■ INSTRUCTIONS FOR THE TASK
Write out the opening lines of the data word for word, up to and including the line with "Badania prenatalne –", and leave every picture and every later line out.

■ INFORMATION SUPPLIED
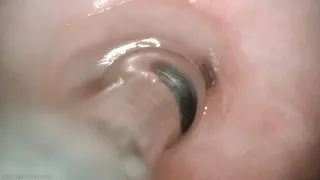 juicy cervix sounding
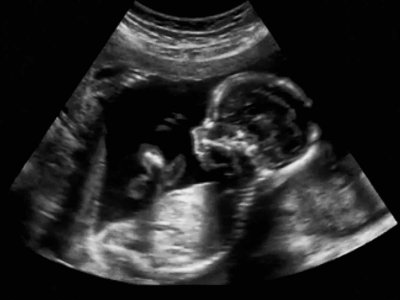 Badania prenatalne – kiedy wykonać i jak się do nich przygotować?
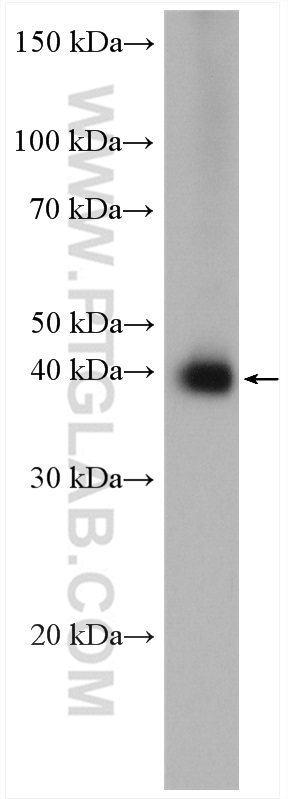 BxPC-3 cells were subjected to SDS PAGE followed by western blot with 20139-1-AP (MCT1 antibody) at dilution of 1:5000 incubated at room temperature for 1.5 hours. WB analysis of BxPC-3 using 20139-1-AP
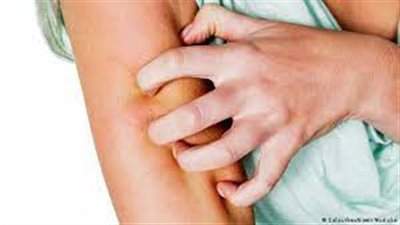 اجتمع عليهم المرض والحرب.. تفشي الجرب والجدري المائي بين أطفال غزة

■ WRITTEN SOLUTION
 juicy cervix sounding
 Badania prenatalne – kiedy wykonać i jak się do nich przygotować?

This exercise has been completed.